Industry demand

                        1. Cloud database tenant has lower controllability on database, but cloud service provider owns all privileges on it. Technically, cloud service provider can defnitely log in database system without tenant's knowledge.

                        2. Attack from outside, including other tenants on the same cloud platform and hacker.

                        3. Threat from internal staff of tenant who uses account and password to log in cloud database directly for unauthorized operation or illegal data operation.

                        4. Cloud platform has built-in audit function, which can not only affect the performance, but lack justice of audit.

                        Project overview

                        Ankki technology, based on database security research and experience accumulation for many years, first solved cloud platform database audit technology and launched data security solution fully supporting cloud platform audit, including VMware and Openstack mainstream cloud platform architecture and functions of behavior audit, event tracking, threat analysis and real-time warning. For small-scale cloud, drainage technology is used, directing message inside cloud to external physical switch, but database audit still performs message flow from switch; for large-scale cloud, especially public cloud platform, pure software virtualized database audit technology is used, and database audit is a special cloud host at this time, protecting database security inside the cloud.

                        圖 小型雲优德w88app登录審計部署圖

                         

                        Project value

                        1. Support multiple types of cloud architectures

                        Support mainstream cloud platform architectures on the market such as VMware vCloud, Hadoop, Openstack, KVM, RHEV, Microsoft Hyper-V, CloudStack and Apache Mesos.

                        2. High performance

                        Fast retrieval speed, one hundred million level data and second-level response, combing with efficient processing ability, can ensure the effect of audit and reduce the cost for clients.

                        3. Privilege separation

                        For different cloud service tenants in the platform, Ankki has clear rules for privilege separation to guarantee complete separation of rights and responsibilities between tenants.

                        Ankki provides perfect authority administration function for tenants using the same cloud service. Users can set according their conditions.

                        For different roles in the same department, Ankki cloud database security audit system sets role separation of authority, such as system administrator is responsible for equipment operation setting, auditor for checking relevant audit records and rules breaking conditions, log administrator for checking equipment operation logs and rule revision.

                        4. Project customization targeting client demands

                        Ankki cloud database security audit system provides customized cloud data audit products and stable, reliable and practical solutions of cloud database audit for different clients (tenant).

                        5. Comprehensive and careful audit

                        Comprehensiveness: track and localize all the operations at business, application and database levels including database SQL implementation and returned value.

                        Fine grain: fine grain audit strategy accurate to table, object and record content can realize targeted monitoring on sensitive information.

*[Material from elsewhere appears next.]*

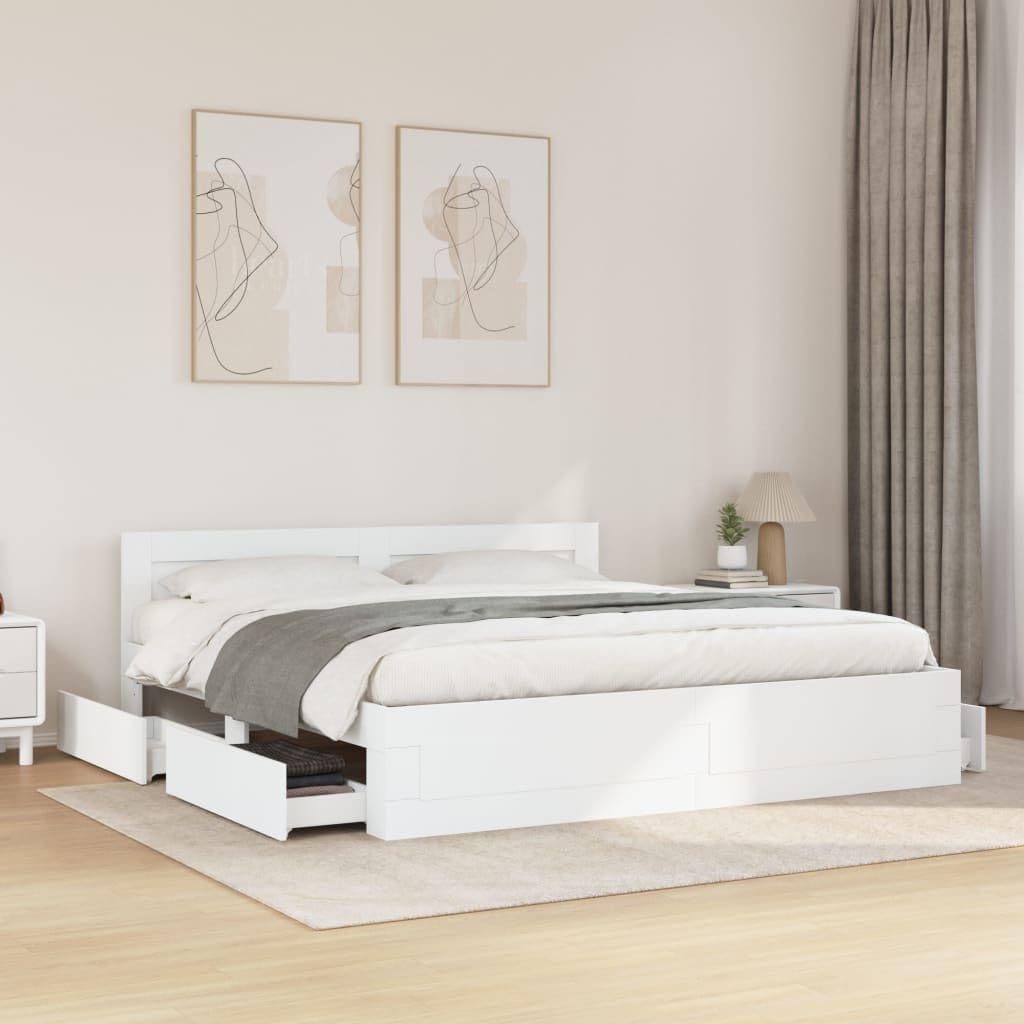vidaXL Cadre de lit avec tête de lit Blanc 180x200cm Bois d'ingénierie, Meubles de Chambre à Coucher, lit Double, sommier, lit, Cadre de lit Double
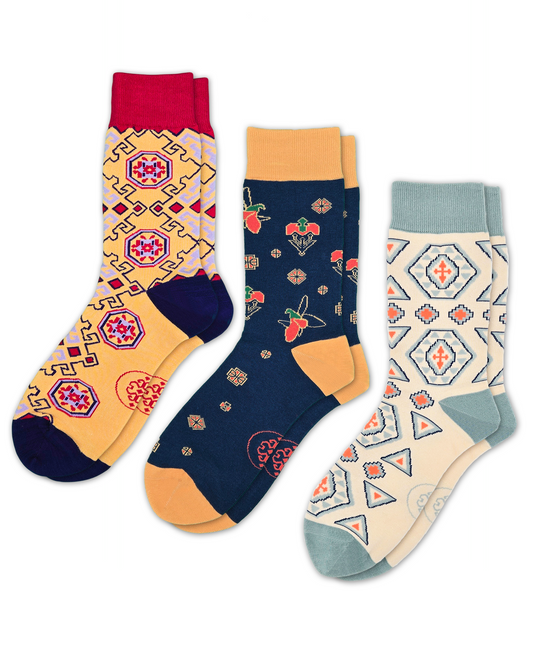 3-Pack Ahsham Bundle – Designer Cotton Statement Socks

                        6. Exact positioning of events

                        Traditional database audit is usually limited in IP and MAC address and sometimes has lower reliability. Ankki cloud database security audit system can perform correlation analysis on IP, MAC, user name and server, so as to track specific persons.

                        Project advantages

                        1. Telecom-level database audit solution

                        With multi-module bottom integration, fast analysis and process for mass data, the solution is the first solution settling telecom-level top database audit and takes the lead at home.

                        2. Advanced technology and first support to Hadoop platform

                        Ankki technology first solves Hbase audit on Hadoop platform through technical research.

                        3. Audit independence from cloud platform

                        The third party audit service is independent of specific cloud platform, which can reduce the possibility of operators disturbing audit process. User taking direct control of audit data will ensure neutrality of audit results.